The new EU drugs strategy 2021-25 makes explicit that the European response to drugs should be evidence-based and delivered through a balanced and integrated approach, which ultimately must be judged on its impact on the health, safety and wellbeing of our citizens. The EMCDDA is tasked with helping to provide the evidence needed to ensure that European policies and actions on drugs are effective, well-targeted and responsive to new threats and challenges. The European Drug Report (EDR) 2021 arrives at a difficult time for meeting this objective, as the COVID-19 pandemic has impacted greatly on all areas of life, including the drug situation and our ability to monitor it. I am therefore extremely pleased that we can still provide the detailed analysis presented in this report, which includes an early assessment of the effect of the pandemic on drug markets and drug use. However, I also believe the value of our work is not simply delivered through accurately documenting past events.

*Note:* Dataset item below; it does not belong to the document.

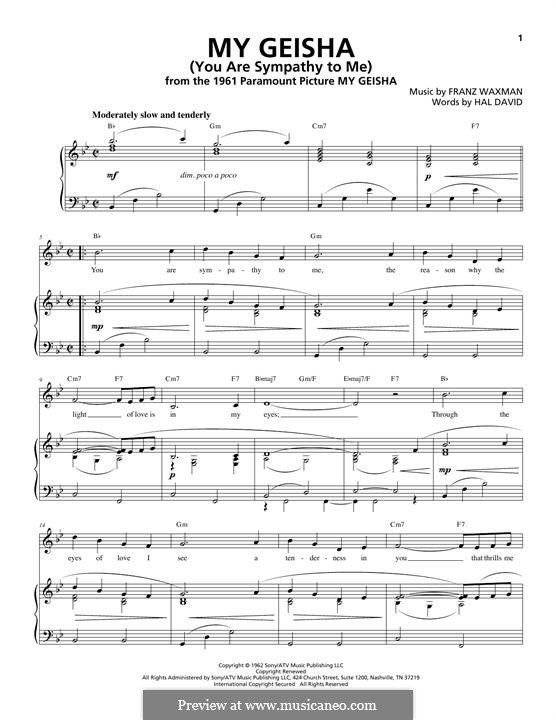 You Are Sympathy To Me: Для голоса и фортепиано by Franz Waxman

We also need to look forward and consider what lessons emerge from the findings of the EDR 2021 in order to ensure that we continue in the future to provide the relevant and timely information required to keep our policies and actions commensurate with the growing challenges we face in the drugs area.
In 2019, the EMCDDA conducted, with its stakeholders, a foresight and horizon-scanning exercise to increase our awareness of how the evolution of the drug situation may impact on our work. Among the overarching conclusions of this work was that many of the factors that would shape the drug problems of the future were external ones. Globalisation, developments in information technology, demographic shifts, alongside issues like climate change and human migration, are likely to have important implications for the future drug problems we face. We already see this, as both the drug market and patterns of drug use are becoming ever more dynamic, complex and globally connected. This has made us reflect on the need for more timely reporting, and to consider if both the data sources we use and the targets we select for our analysis are sufficient to meet both current and future policy development needs.

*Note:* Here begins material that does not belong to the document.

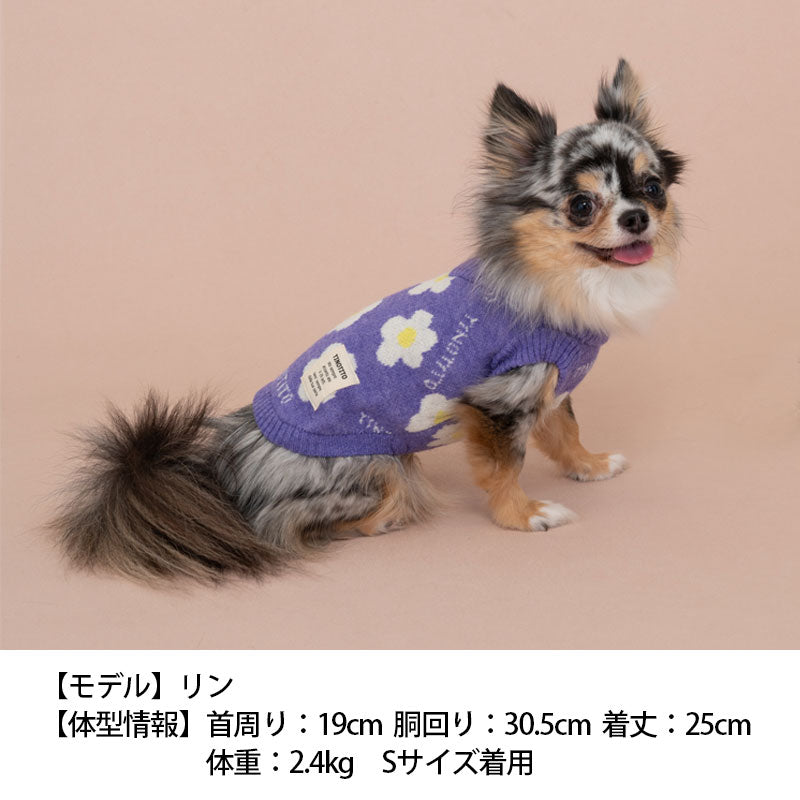 花柄レトロレイヤードニット XS/S/M/L/XL/XXL TINOTITO -ティノ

What we did not expect was that the events of 2020 would demonstrate so profoundly the importance of this reflection. Within a few weeks, we needed to reorientate our work to support our stakeholders by providing enhanced resources for sharing information and best practices. The speed of developments required us to recognise that this could only be achieved through a more interactive model for knowledge co-production. I am proud of the work of the EMCDDA during this period, but I recognise that this was only possible because of the input we received from stakeholders across Europe. Particularly important was the possibility provided by our Reitox network of national focal points to engage in an ongoing conversation on national responses to the pandemic. This highlighted the value of sharing experiences and preliminary information when there is a need for rapid action. Beyond this, we also launched a series of trendspotter studies to collate qualitative and emerging quantitative data to provide a near real-time complementary data source to accompany our routine monitoring information. The latest insights from our third COVID-19 trendspotter, published recently, are summarised here. These results are preliminary, but they help us identify some of the possible longer-term effects of the pandemic on drug markets, drug use and our responses.